(DATA)
Content starts
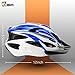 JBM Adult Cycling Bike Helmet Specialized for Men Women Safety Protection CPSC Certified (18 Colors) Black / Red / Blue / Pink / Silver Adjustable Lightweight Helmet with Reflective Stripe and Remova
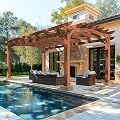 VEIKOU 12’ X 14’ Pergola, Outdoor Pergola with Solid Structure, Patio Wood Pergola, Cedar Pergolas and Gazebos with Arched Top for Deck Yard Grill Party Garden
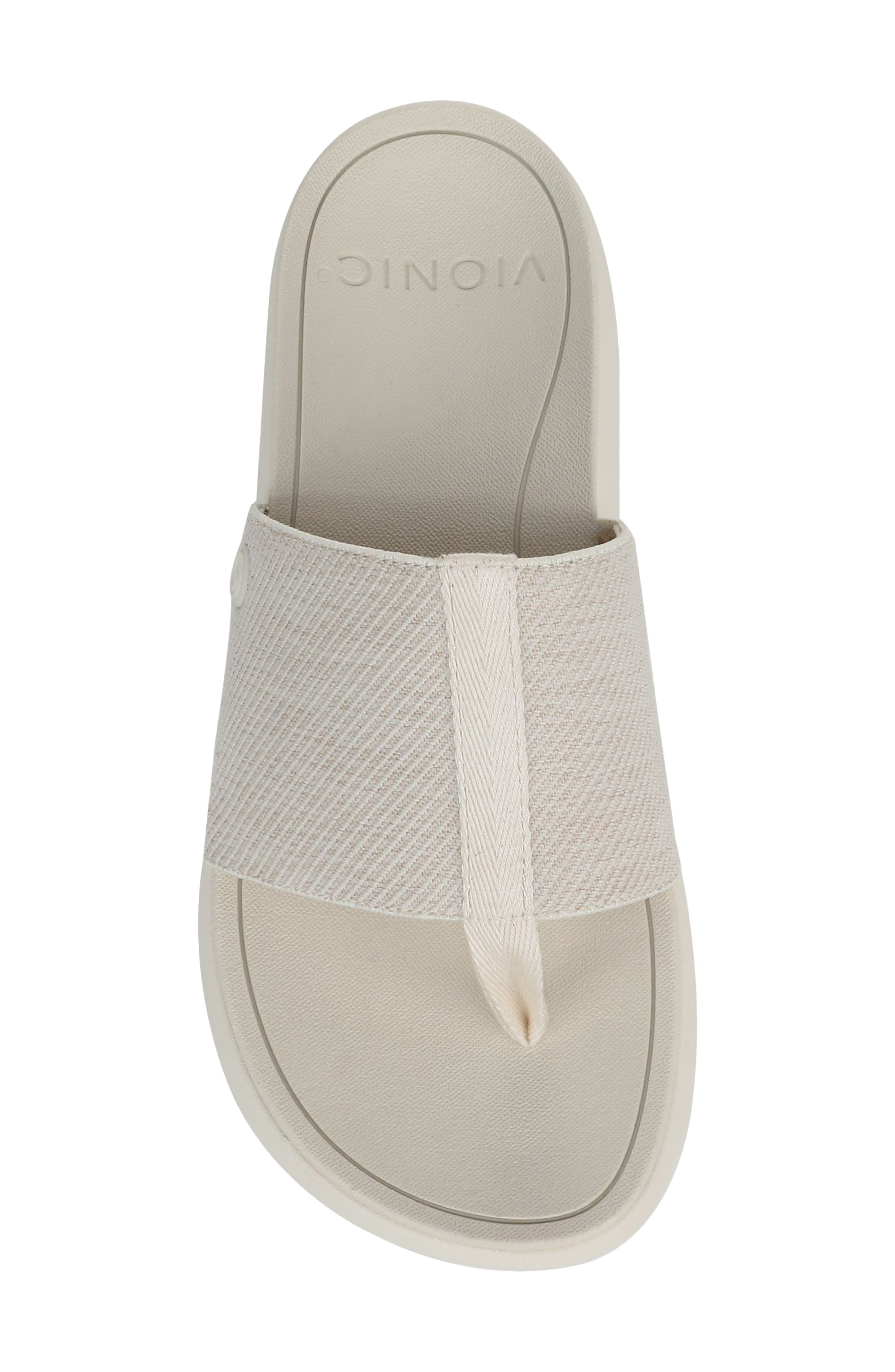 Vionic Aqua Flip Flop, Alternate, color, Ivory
Content ends
(WHAT THE EXERCISE ASKS) Once the pictures have been removed, reproduce each line of the material above exactly.

(EXERCISE SOLUTION)
 JBM Adult Cycling Bike Helmet Specialized for Men Women Safety Protection CPSC Certified (18 Colors) Black / Red / Blue / Pink / Silver Adjustable Lightweight Helmet with Reflective Stripe and Remova
 VEIKOU 12’ X 14’ Pergola, Outdoor Pergola with Solid Structure, Patio Wood Pergola, Cedar Pergolas and Gazebos with Arched Top for Deck Yard Grill Party Garden
 Vionic Aqua Flip Flop, Alternate, color, Ivory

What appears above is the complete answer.